**ASSIGNED TASK**. Please output the lines from the one with "Load image into" through the end of the data exactly as written, omitting all pictures.

**PROVIDED RECORDS**.
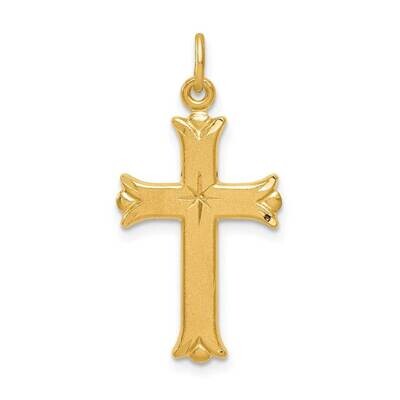 Gold Tone Diamond-Cut Cross Pendant Sterling Silver QC9693, MPN: QC9693, 883957937373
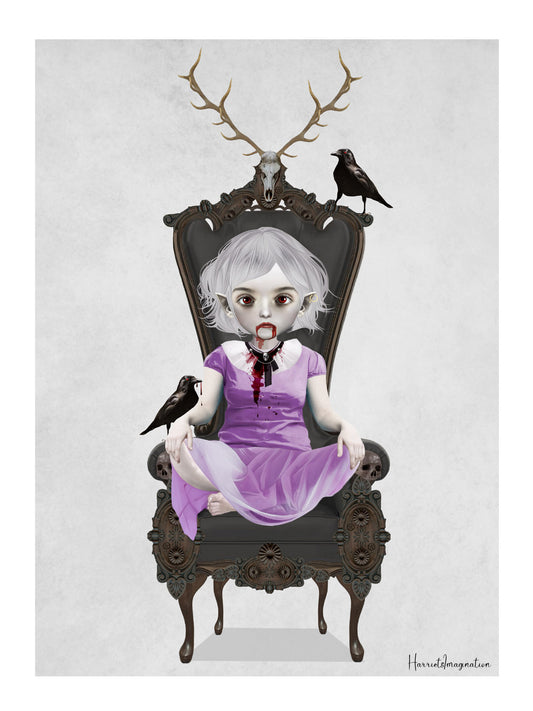 Vampire Art Print featuring a captivating vampire girl sitting in an ornate chair, her loyal ravens by her side.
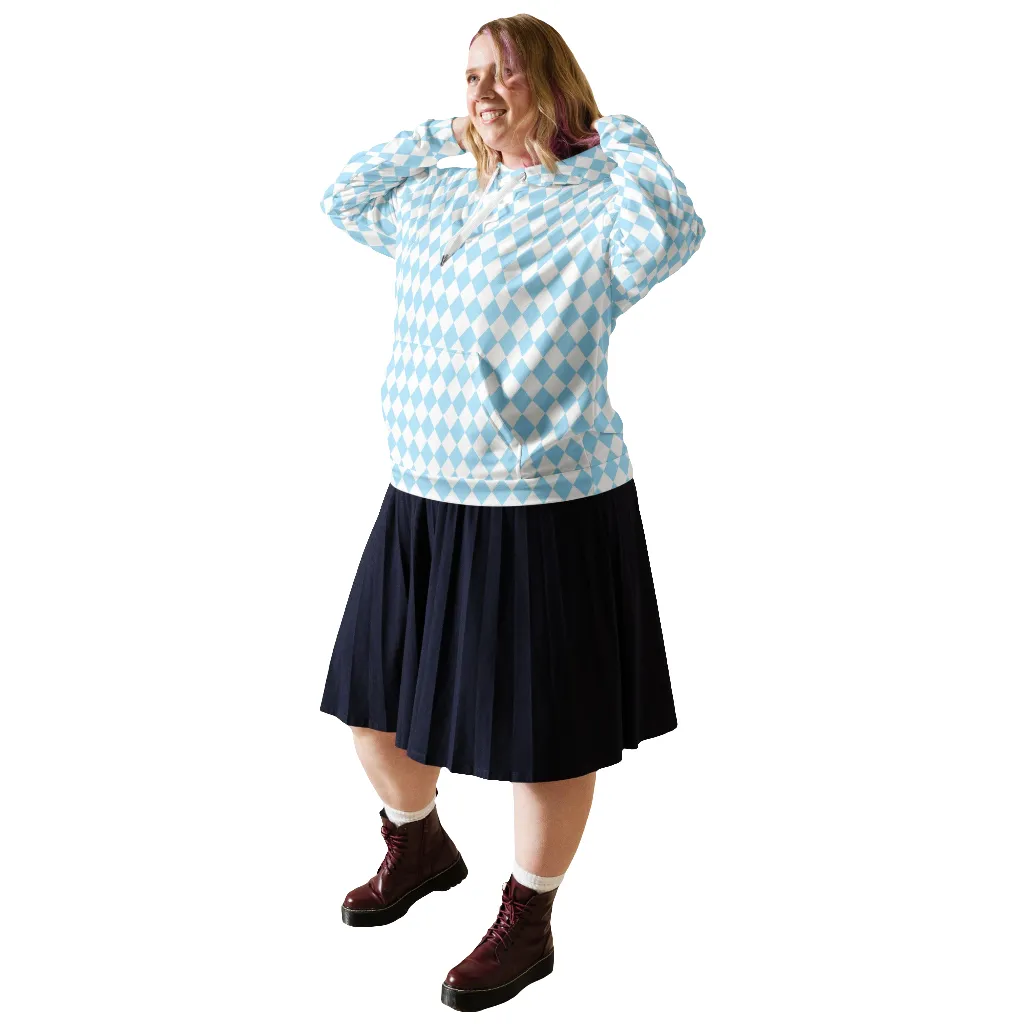Oz Baby Blue   White Diamond Checkered Eco Hoodie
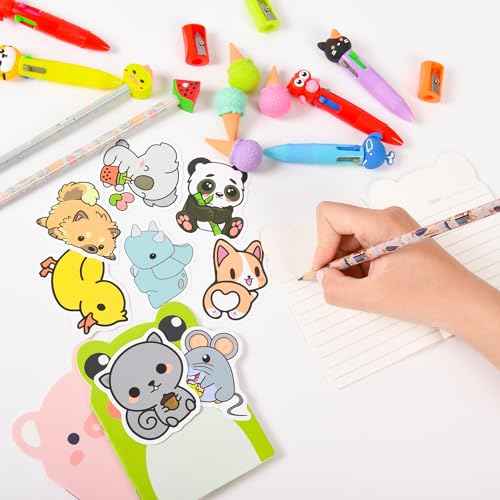 LiYiQ 247 Pcs Return Gifts for Birthday, Student Birthdays Gifts from Teacher, Stationery Set for Classroom Gifts, Pencil Erasers Notesbook Stickers for Classroom Birthday Goodie Bags Rewards Prizes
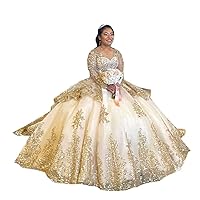 Mollybridal 2024 Sheer Neck Pearls Asymmetrical Ball Gown Quinceanera Prom Dresses Gold Embellishments Long Illusion Sleeve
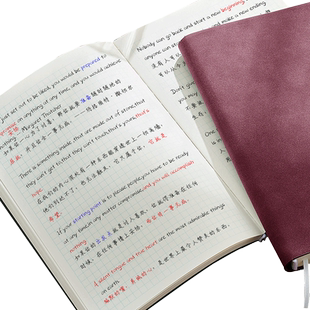 方格本A5软皮复古加厚网格笔记本子大学生课堂笔记本手绘简笔画像素简约文艺精致超厚格子日记记事思维导图本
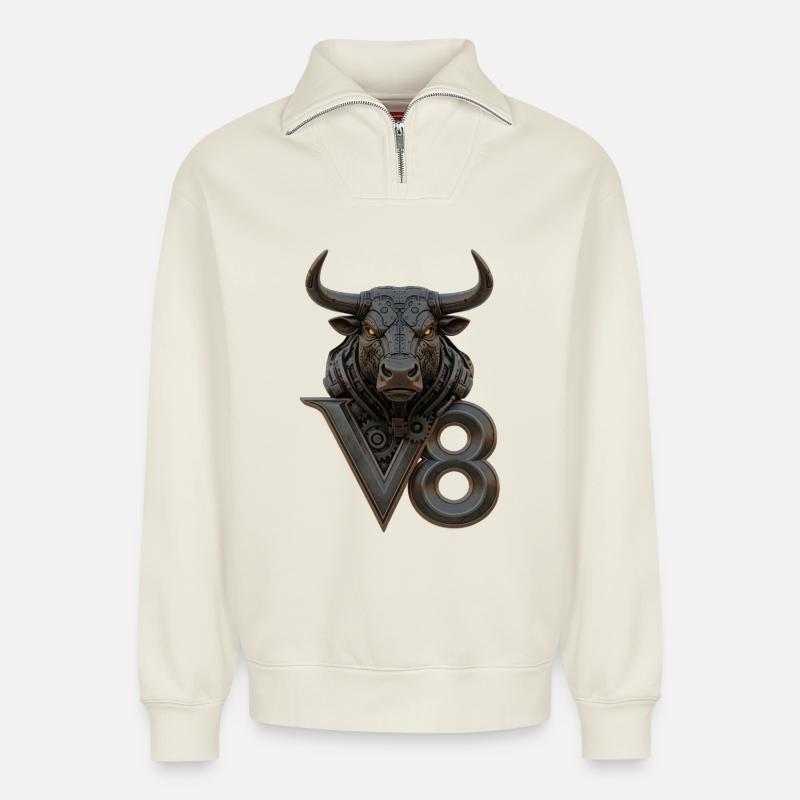 V8 - Relaxed Unisex Organic Half Zip Sweatshirt – von SPREAD - Naturweiß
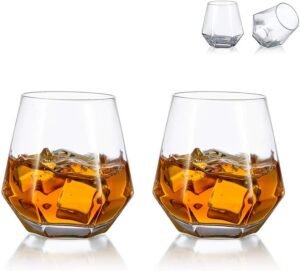 Whiskeyglazen Set van 2 - Tumbler Glazen met Diamantpatroon - Voor Bourbon en Rum - 300 ml
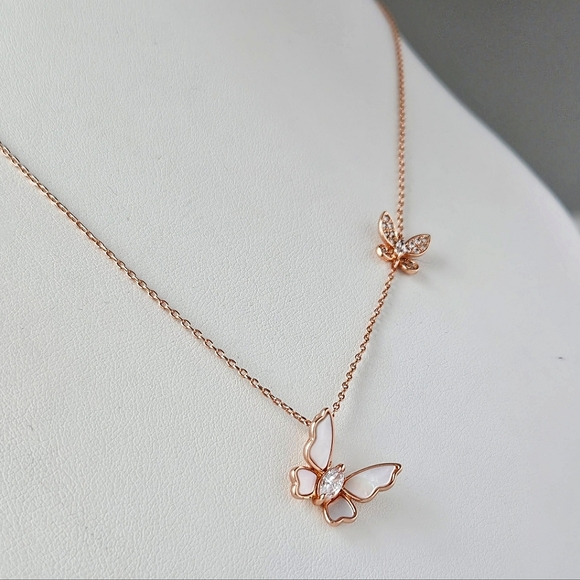 Rose Gold Butterfly Necklace with pink Mother of Pearl, Charmed Aroma - Picture 1 of 7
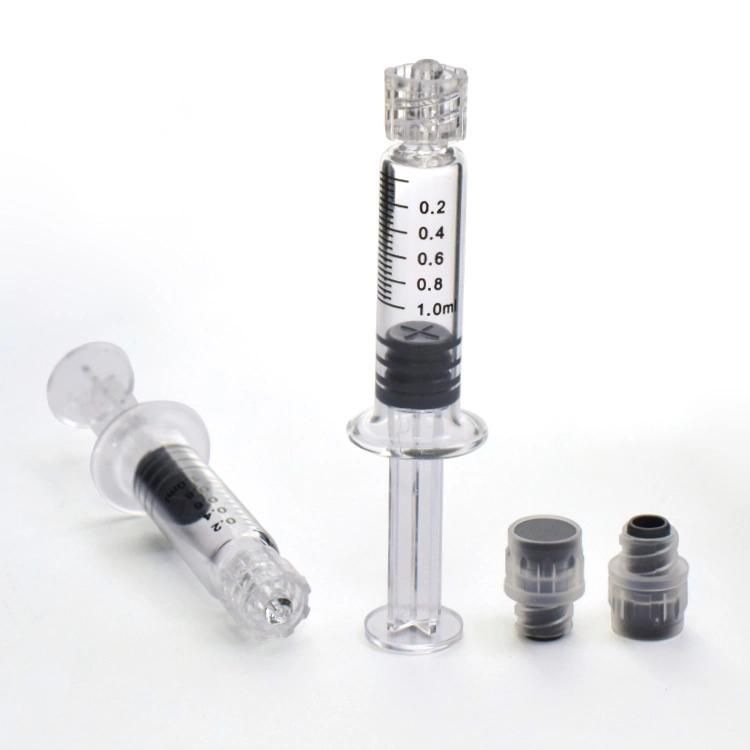 Prefilled Luer Lock Luer Slip Concentrate Oil Glass Syringe with 1ml 2.25ml 3ml 5ml Custom Gold Foil Logo for USA Market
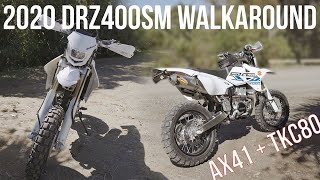 DRZ400SM  Adventure Hooligan Build  TKC80  AX41 Tyre Review  Bike Walk Around [upl. by Pasahow]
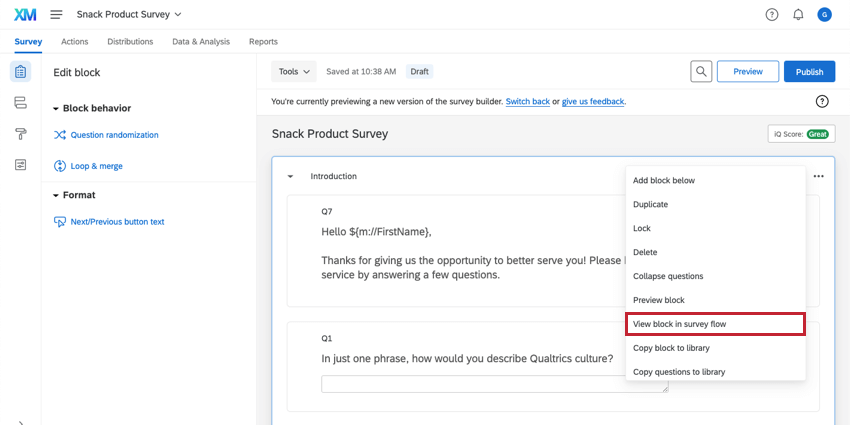 View block in survey flow option in the block options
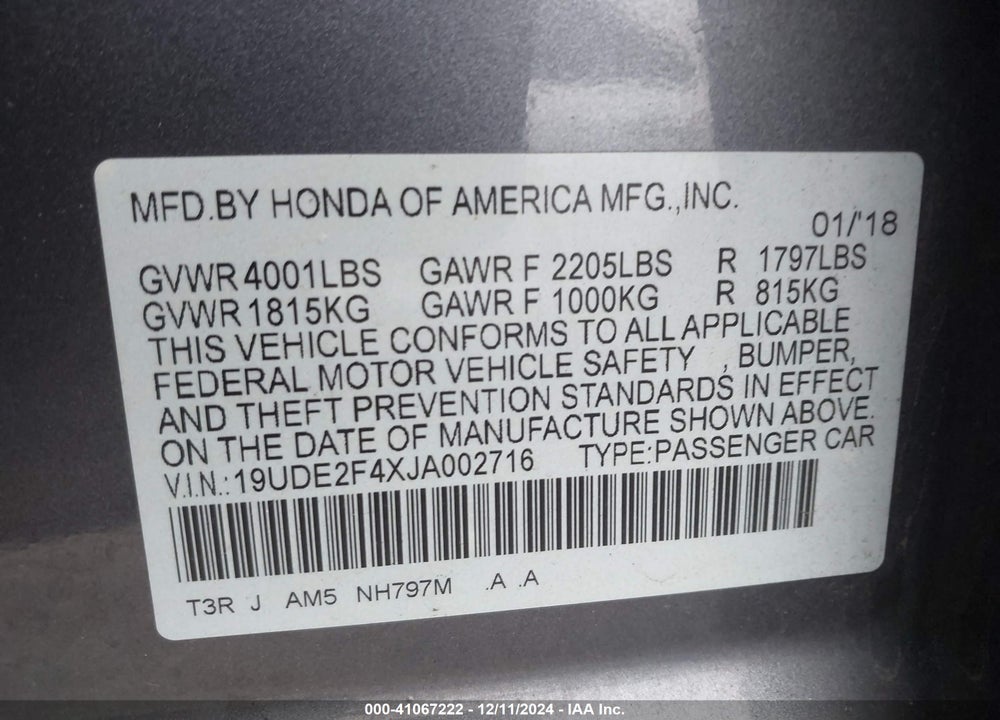 2018 ACURA ILX SPECIAL EDITION VIN: 19UDE2F4XJA002716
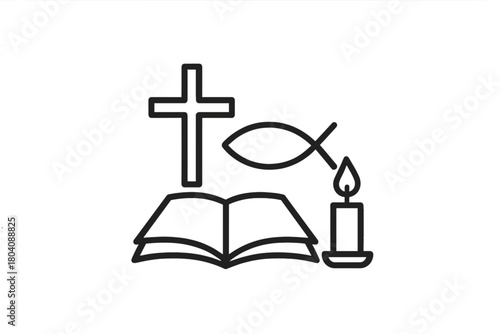 Set of Christian faith symbols: cross, open Bible, Ichthys fish, and burning candle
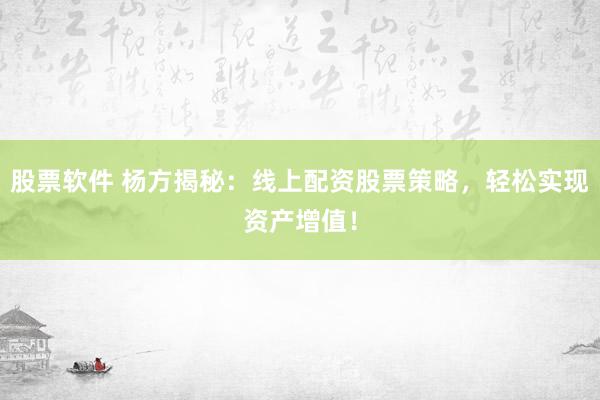 股票软件 杨方揭秘:线上配资股票策略,轻松实现资产增值!
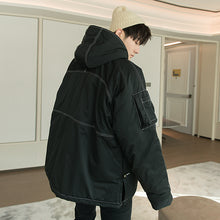 Load image into Gallery viewer, Sicilian men&#39;s open-line loose thick cotton-padded jacket Korean version of the trend of black hooded jacket men&#39;s autumn and winter
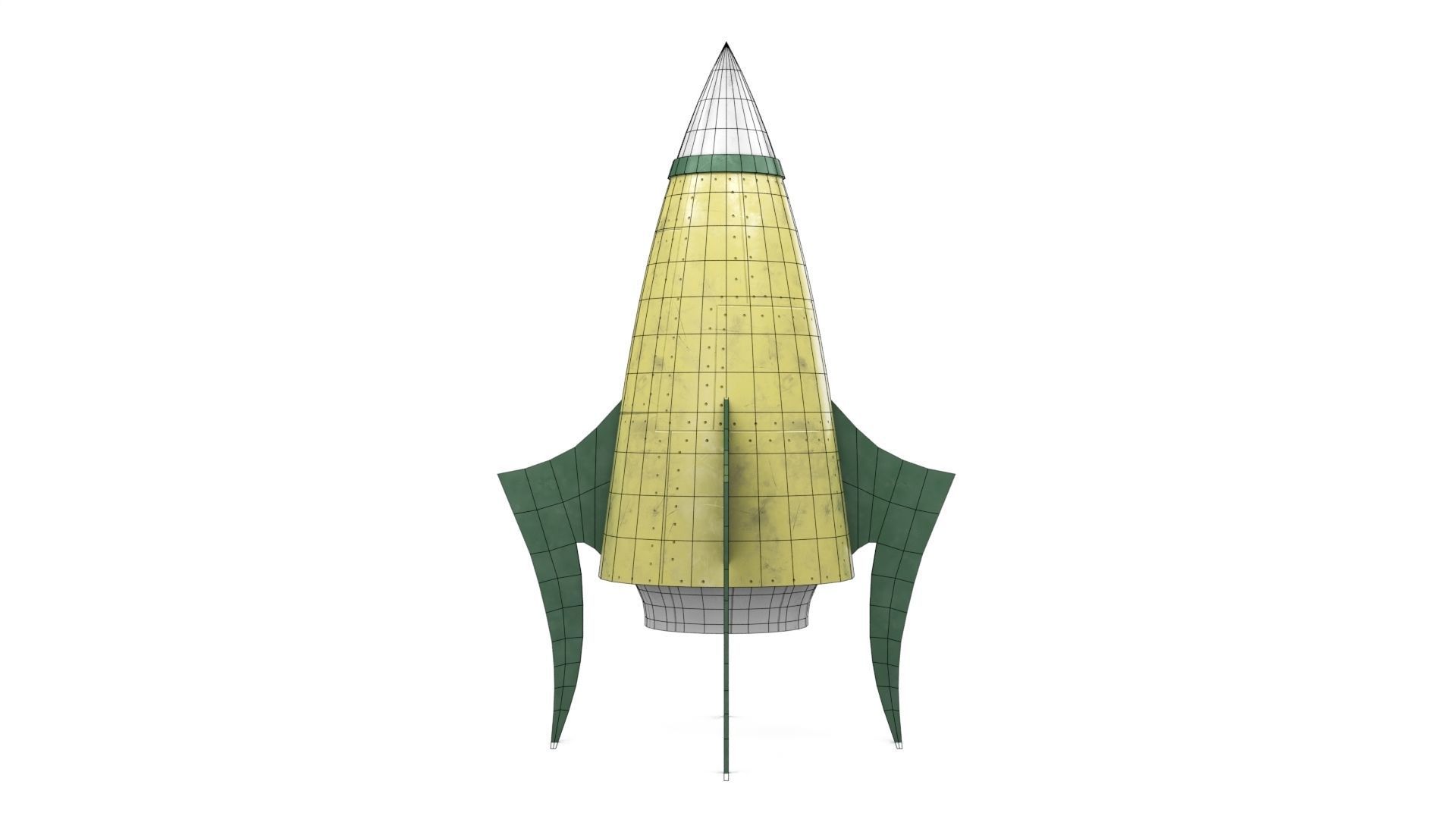 Yellow Metal Rocket Low-poly 3D model_15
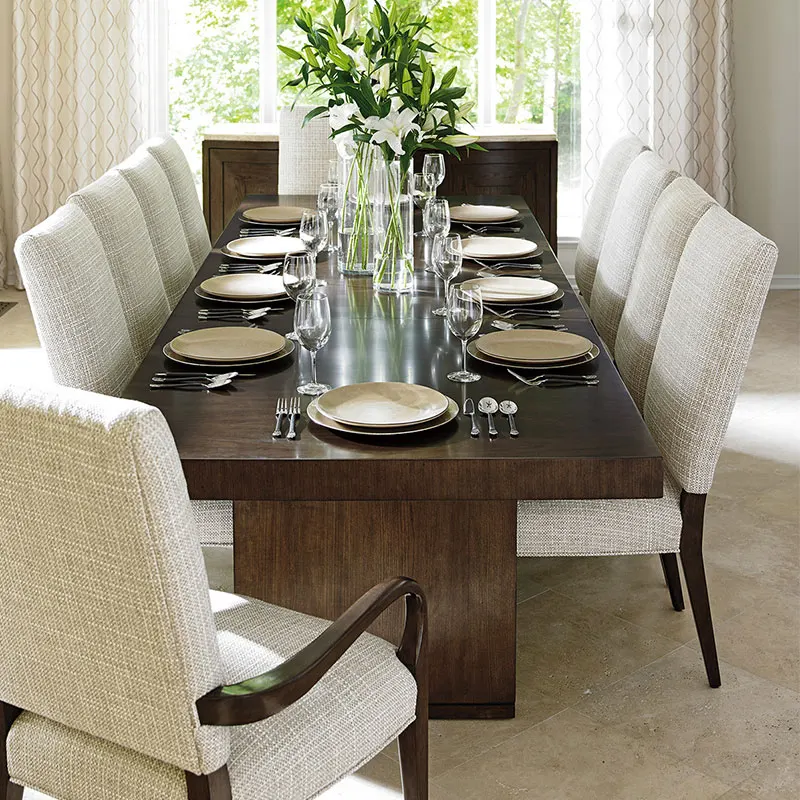 American dark walnut solid wood long small family meal villa eight people Nordic light luxury dining table and chairs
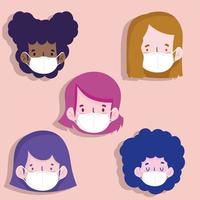 novos desenhos animados de mulheres normais com desenho vetorial de máscaras vetor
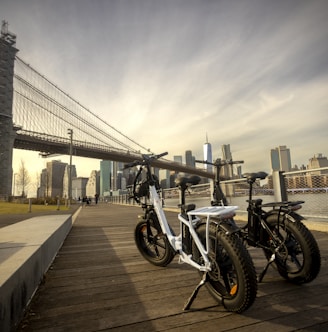 two bikes parked next to each other in front of a bridge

**RESULT OF THIS TASK**.
 Load image into Gallery viewer, Sicilian men&#39;s open-line loose thick cotton-padded jacket Korean version of the trend of black hooded jacket men&#39;s autumn and winter
 Yellow Metal Rocket Low-poly 3D model_15
 American dark walnut solid wood long small family meal villa eight people Nordic light luxury dining table and chairs
 novos desenhos animados de mulheres normais com desenho vetorial de máscaras vetor
 two bikes parked next to each other in front of a bridge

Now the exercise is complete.